How I actually use pg_stat_statements to find and fix slow queries on a large Aurora cluster, with snapshots for trend tracking and Prometheus/Grafana wiring.
It was a Tuesday morning at the creator economy platform I worked at. Aurora reader lag had just crossed 14 minutes, the Community feed was timing out for millions of customers, and the on-call was 90 seconds away from bumping reader instance class for the second time that quarter. I joined the Slack thread. The first thing I asked was not “what does Datadog say”. It was “what does pg_stat_statements look like on the writer right now”. That’s where the truth lives.

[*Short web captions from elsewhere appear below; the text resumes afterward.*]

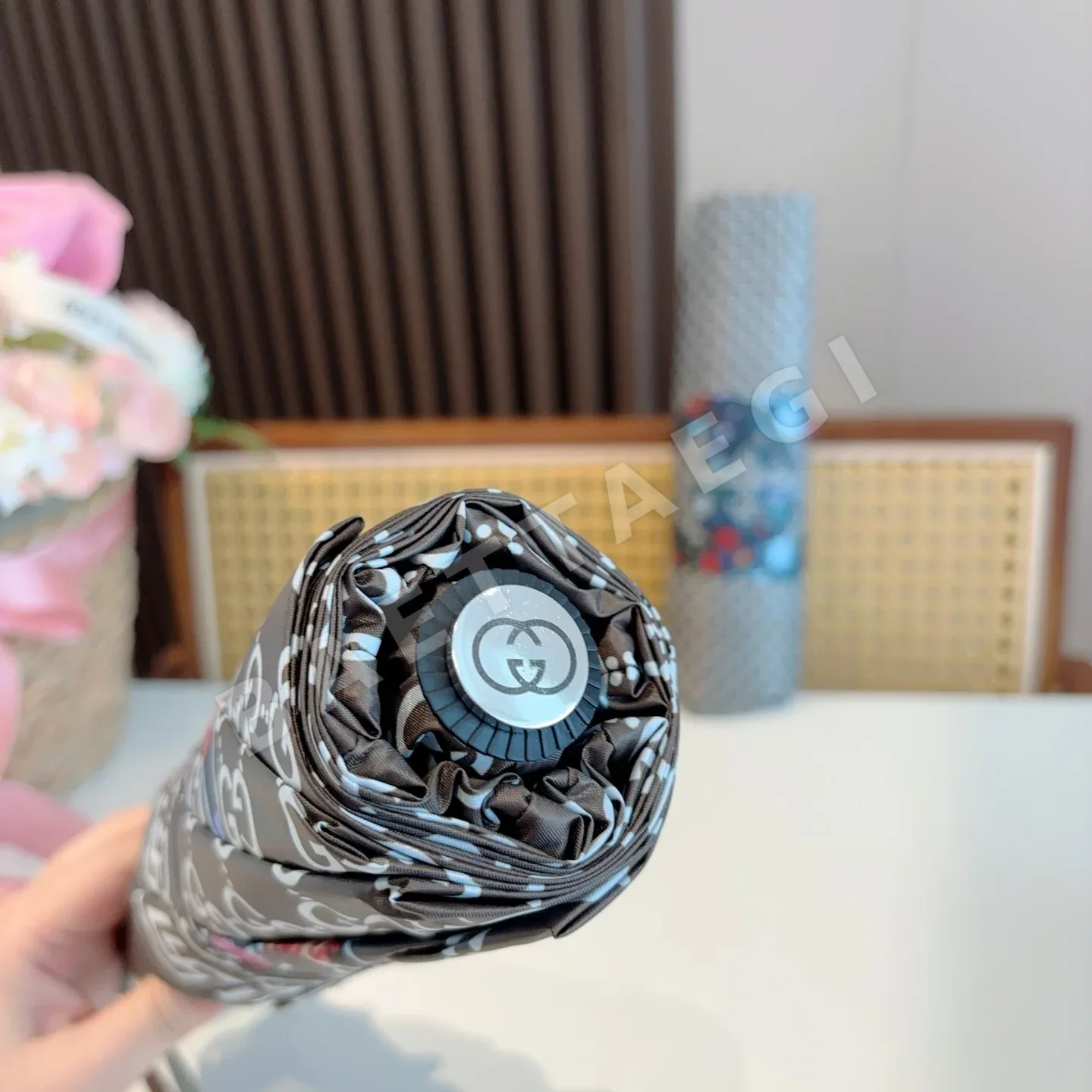 구찌 3단 자동 접이식 우산 상세 이미지 5
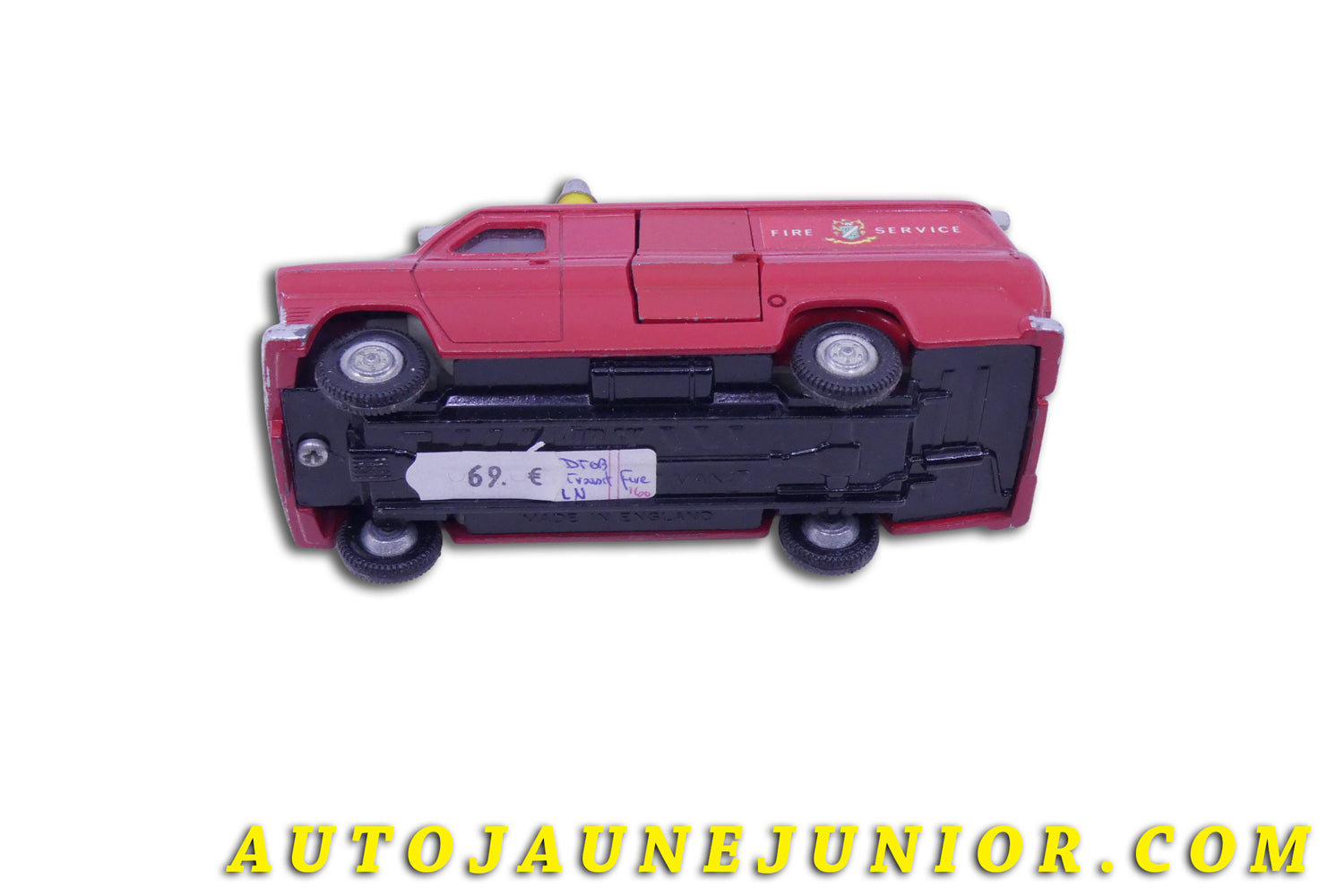 Le Dinky Toys Ford Transit Fourgon "Fire Service" est en vente sur Auto Jaune Junior ! Découvrez nos collections de diecast Tekno, Politoys, Mebetoys, Mercury, Joal, Diapet, Märklin, TootsieToys.AutoJaune Junior ; Vous avez le même jouet ? Profitez de notre expertise pour vous accompagner dans la vente de vos modèles ou votre collection ! Nous achetons tous lots de miniatures ! Contactez nous !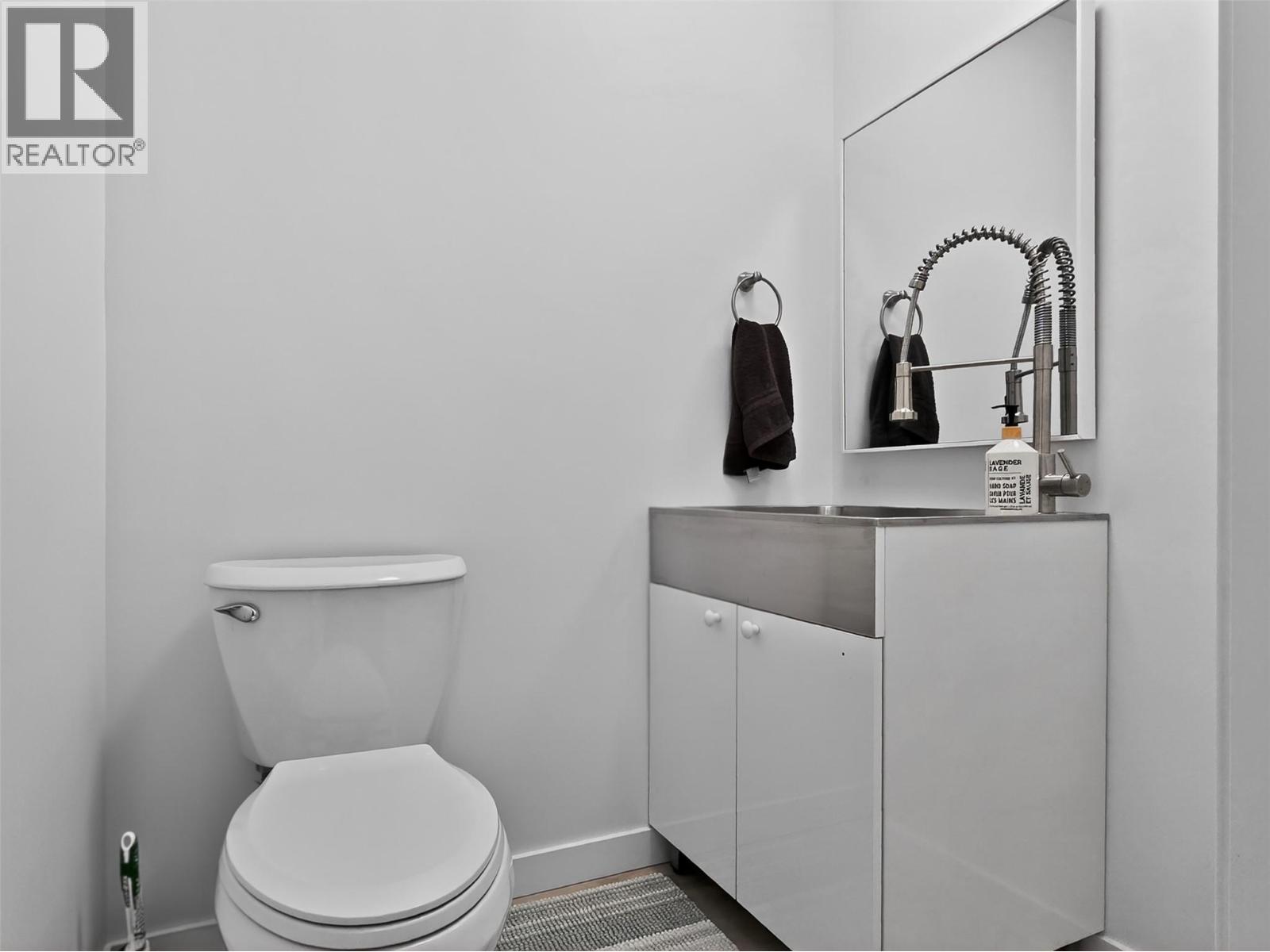 4032 Hills Frontage Road, Cache Creek, British Columbia  V0K 1H0 - Photo 16 - 10383026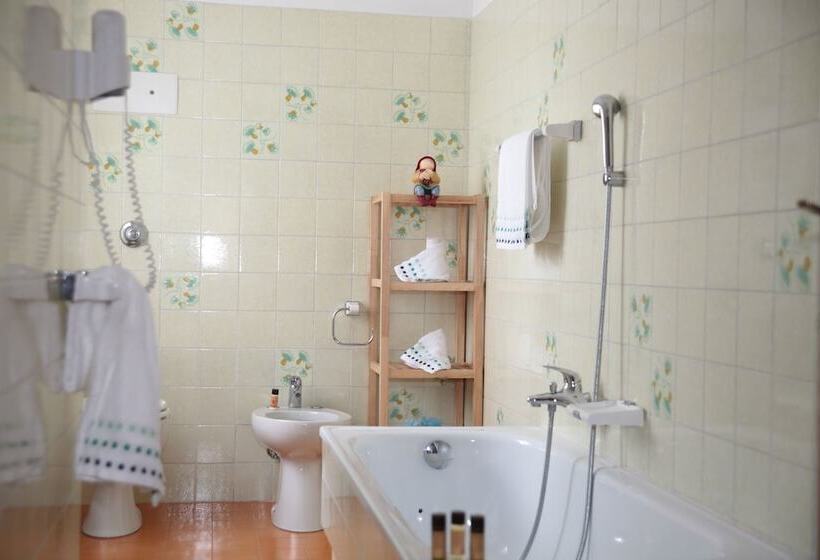 여관 Albergo Diffuso Valcellina E Val Vajont In Claut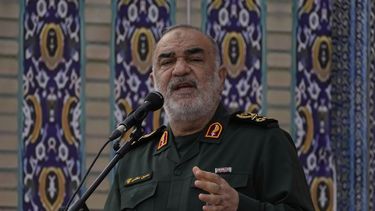 El jefe de la Guardia Revolucionaria de Irán, el general Hossein Salami, habla en una ceremonia que conmemora el primer aniversario de la muerte del difunto presidente iraní Ebrahim Raisi, en Teherán, Irán, el jueves 15 de mayo de 2025. (AP Foto/Vahid Salemi)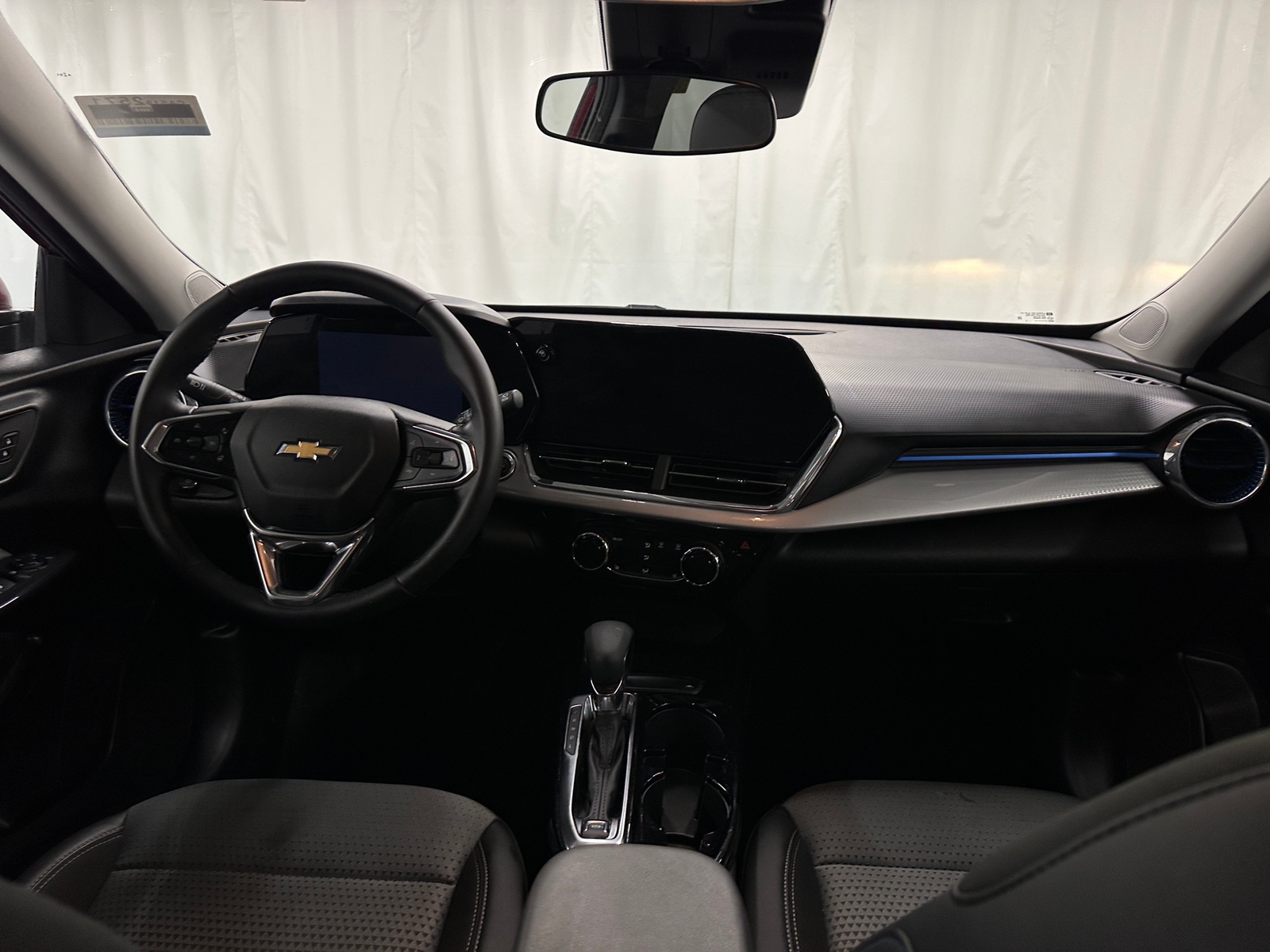 Thumbnail: 2025 Chevrolet Trax - 3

I’ll just say it. If you run PostgreSQL at any serious scale and you don’t have pg_stat_statements turned on, you’re flying blind. APMs are fine. Slow query logs are fine. Neither one tells you which query, normalized across all its parameter values, is actually eating your database. That’s the gap this extension fills.
On Aurora and vanilla RDS the extension is preinstalled, but it’s not loaded by default. You need it in shared_preload_libraries, which means a parameter group change and a restart. Do this once, before you need it. Trying to set up observability mid-incident is a thoughts-and-prayers strategy.
-- run as superuser, once per database that you actually query
CREATE EXTENSION IF NOT EXISTS pg_stat_statements;
-- parameter group settings (Aurora cluster parameter group)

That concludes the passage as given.